Breakpoints & Layouts
A defined set of responsive rules and grid behaviors to unify layout decisions across platforms.
Interaction states & Statuses
Accessible, consistent states for interaction (hover, active, focus, read-only, disabled) and clear rules for representing status (info, success, warning, error).
Component design
Research
We began by benchmarking patterns from established design systems like Material, Carbon, Tailwind, and Fluent. This helped us ensure that our components offered the right feature set and flexibility for complex, real-world use cases. We also compared these with our existing components to identify what needed to be rethought, refined, or rebuilt from scratch.
Feasibility check
Once we had a clear direction, we brought in our engineering and accessibility partners early to validate feasibility and flag any potential blockers. This step was key to avoiding surprises later in the process.
Building
When it came to building in Figma, our goal was to leverage every relevant feature to ensure the components were not just visually aligned, but also scalable and efficient for designers to use.

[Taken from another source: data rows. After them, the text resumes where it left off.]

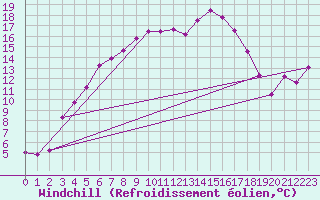 Courbe du refroidissement olien pour Johvi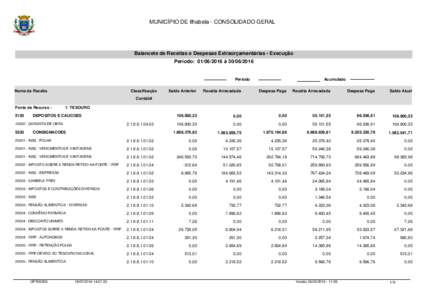 MUNICÍPIO DE Ilhabela - CONSOLIDADO GERAL  Balancete de Receitas e Despesas Extraorçamentárias - Execução Período:  à Período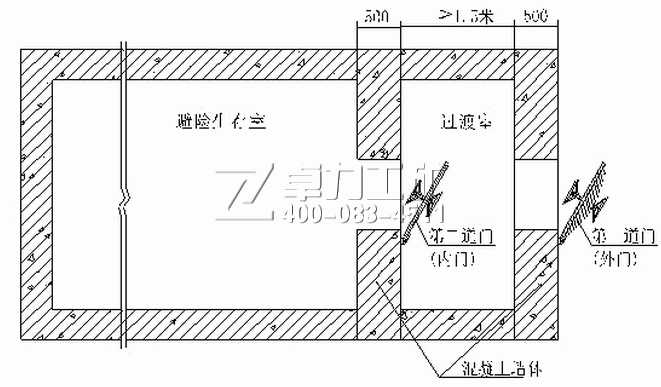 避难硐室密闭门结构示意图 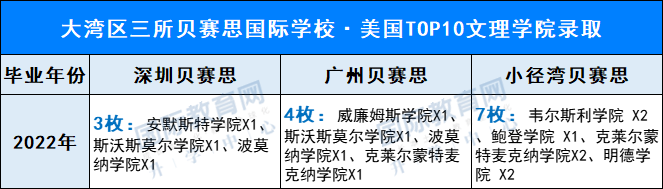 终于理清！大湾区3所纯外籍贝赛思，深贝、广贝、惠贝的区别，竟那么大？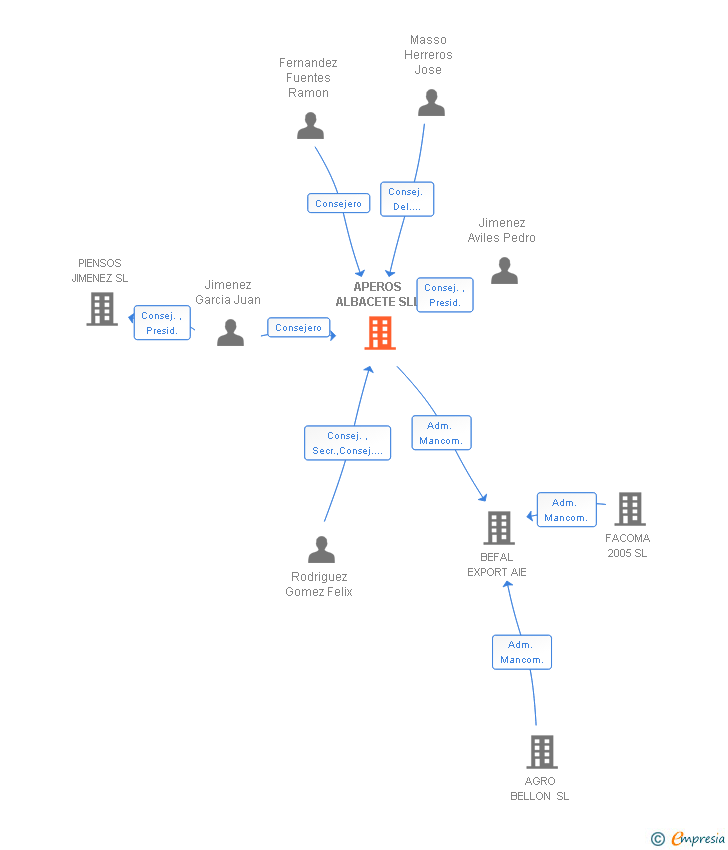 Vinculaciones societarias de APEROS ALBACETE SLL
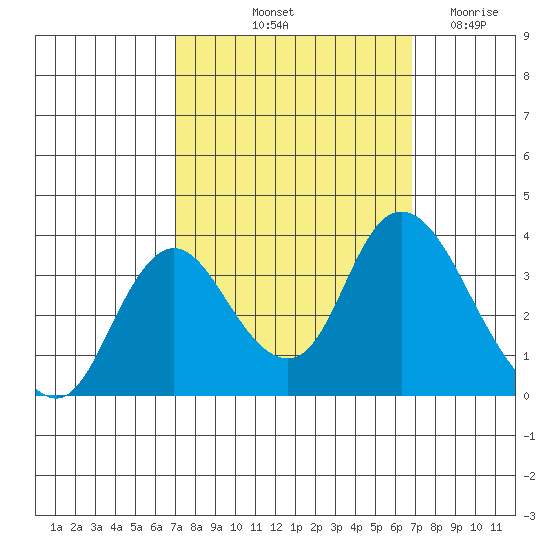 Rio Vista tide chart for Monday, October 2, 2023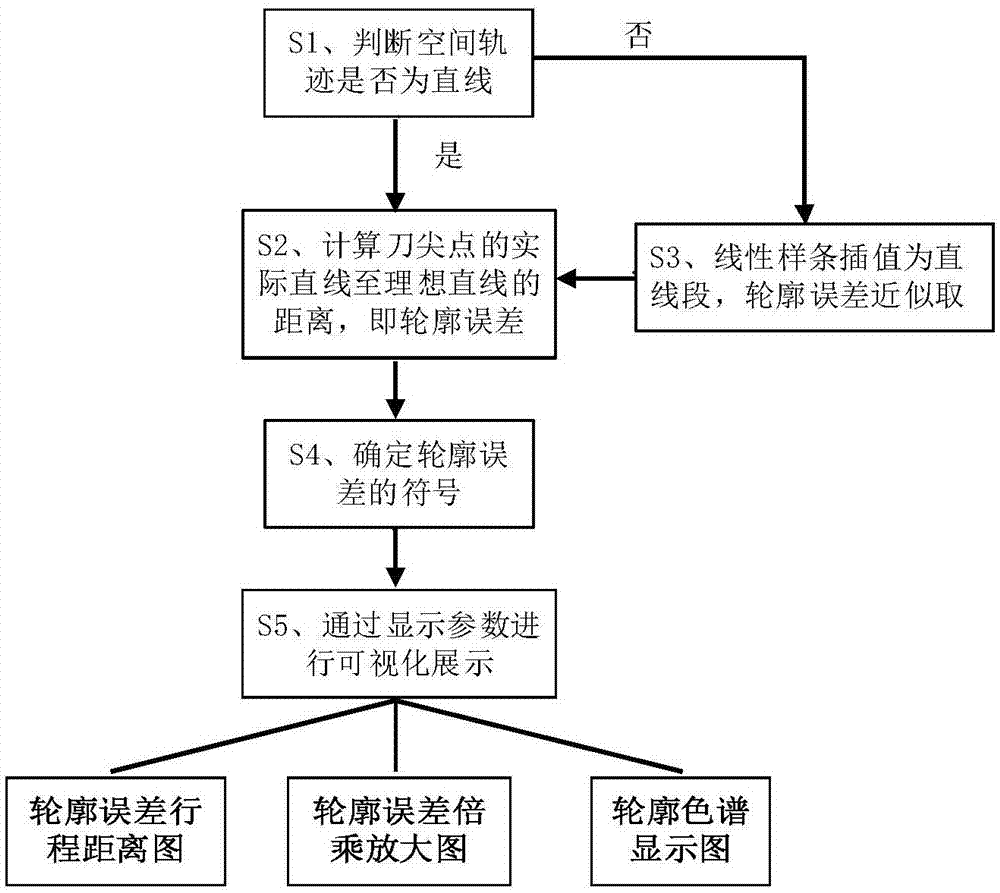 一种面向多轴数控加工的轮廓误差估计与可视化方法与流程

Attention to detail was essential here: padding, alignment, sizing, interaction states, everything was taken into consideration.
Each component was built with
  • Auto Layout for structure and responsiveness
  • Variants to consolidate multiple use cases into a single, smart component
  • Variables for dynamic styling
  • Nesting for easier maintenance and to avoid breaking changes in the future
  • Clear naming to make the system intuitive
Documentation & Guidelines
Creating components was only half the challenge. Making sure they could be used correctly and consistently across dozens of designers and hundreds of developers required thorough, accessible documentation. We dedicated an entire Figma file to component documentation, covering everything from intended use cases to constraints.
Each component included
  • A clear description of what it is and when to use it
  • All available variants with explanation of how and when to use each
  • Behavioral guidance like interaction states and accessibility notes
  • Responsive considerations and how the component adapts across breakpoints
  • Do's and don'ts for clarity and visual consistency
Documentation wasn’t treated as an afterthought—it was part of the design process from the start. By thinking through edge cases and usage scenarios early, we helped our teammates avoid ambiguity.
Impact & Reflections
While the full system is still being rolled out, the early results have already made a noticeable difference. For the first time, teams across Instructure have access to a shared visual language.

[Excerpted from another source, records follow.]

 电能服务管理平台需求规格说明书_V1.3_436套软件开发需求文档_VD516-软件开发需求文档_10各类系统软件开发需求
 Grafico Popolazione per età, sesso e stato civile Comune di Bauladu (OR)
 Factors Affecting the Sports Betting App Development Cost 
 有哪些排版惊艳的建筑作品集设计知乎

The design token structure I created was especially well received. It brought structure to previously chaotic areas, and helped designers and developers speak a common language. We’re seeing significantly fewer inconsistencies across design files and code.
The process also introduced a new level of design maturity across the company. Teams now have not just components, but context: documentation, rationale, and the tools to make better design decisions.
As more components and usage patterns go live, I’m excited to see InstUI become not just a system of parts, but a product in its own right.